Further review of the Initial Psychiatric Evaluation revealed the justification for admission was listed as patient presents as gravely disabled with Suicidal Ideations and requires at least 24 hour skilled psychiatric monitoring services at this time, expected to improve in condition with treatment.
Review of Patient #2's Psychosocial Evaluation, completed by S6LPC, dated 09/24/2021, revealed in part: Clinical Summary: Patient is an 83 year-old female on a PEC. Patient presents to ER as gravely disabled. Patient here with EMS for violent behavior. Patient has a history of Alzheimer's Dementia, becoming violent with staff, swinging at them at Facility "A". Facility "A" states they cannot care for patient and she needs to be evaluated by Geri Psych. Patient #2 was sent here for Geri Psych placement.

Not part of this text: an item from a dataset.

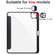 iPad Pro 11 2024 Acrylic 3-folding Smart Leather Tablet Case - Black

Review of S6LPC's contact note, dated 09/25/2021, revealed the following: Spoke to patient's daughter (POA) to help with completing Psychosocial Assessment and Audit. During the conversation learned patient is not at Facility "A" as reported from ED, but is in Facility "B" 's Memory Center. Daughter believes patient will be able to return there upon discharge.
In an interview on 11/09/2021 at 9:16 a.m. with S5PNP, she confirmed she had completed Patient #2's Initial Psychiatric Evaluation. S5PNP indicated Patient # 2 had been threatening and aggressive where she had been residing. S5PNP further indicated Patient #2 was exhibiting homicidal ideations, not suicidal ideations, and she had mistakenly documented suicidal ideations in the patient's Initial Psychiatric Evaluation.
In an interview on 11/09/2021 at 2:30 p.m. with S2DON, she explained the presenting problem is obtained from the PEC, documented on the pre-admission assessment, and from there it is promulgated throughout the chart. She verified, after review of the above referenced documents, that the patient's medical record was not accurate. S2DON agreed the incorrect entries in Patient #2's medical record should have been corrected.